Even when he’s not creating explosions with the local flora, Bloomer’s work can often be found in fields accompanied by loud noises. Early on in his career, Bloomer began making sculptures and installations that were designed to be interactive and accessible to the public. “Outside of college I was building contraptions for Belfast carnival parade and visual props for punk and techno gigs,” he says.
Some of the gigs where Bloomer has shown his work include outdoor music festivals, where his work had to grab the audience’s attention in cunning ways. One of those was with the Texas Chainsaw Massager. “Ordinary massages just don’t hit the mark, this yoke will make you relax really hard,” explains a statement on Bloomer’s website.

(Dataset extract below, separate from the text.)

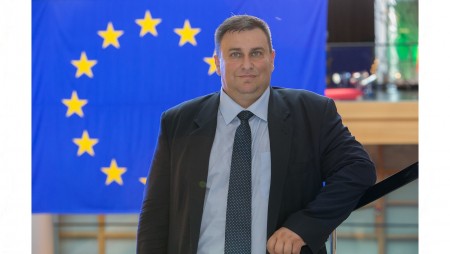 По инициатива на Емил Радев в Европарламента ще се проведе конференция за разширяването на Шенген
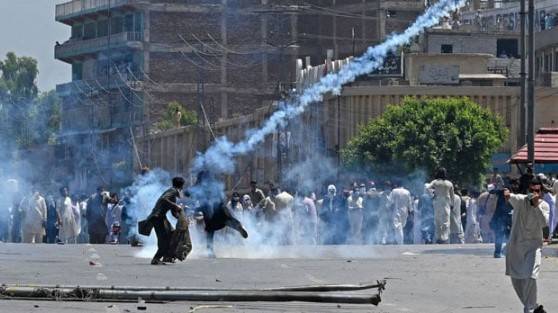 پی ٹی آئی مظاہرین کے حملے، جلاؤ گھیراؤ ، توڑ پھوڑ،گاڑیاں،قدیم عمارت نذر آتش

It’s impossible to separate Bloomer’s art practice from his personal life—he literally lives in his work. “I built my own box house last year and am enjoying living in it,” he says. But he admits that the experimental nature of his work has forced him to take a step back when a situation became too dangerous. “In 2012, after I had made the Whin Bush Rocket, I got a chance to try a rocket demolition project. The plan was to lift the tower of a derelict wind turbine off the ground. The tower was a massive hollow tube, like a rocket body. But there was an accidental gas explosion, the gas was detonated by a spark created from static electricity generated by a plastic bag that was flapping in the wind. I hadn’t conceived that this might happen. A friend was hurt in the accident, he has recovered OK but it could have been a lot worse, the turbine lunch was called off.”
In a video documenting the construction of one of his works, Bloomer sums up his philosophy towards art. “They say that necessity is the mother of invention. It’s not really, is it? It’s kind of boredom or because people want to do things.” Even though Bloomer has been forced to walk away some volatile projects, he says he’s not done experimenting with them; he’s still curious. “I would still like to launch a really big rocket but I would do it differently not with an explosive gas mixture.”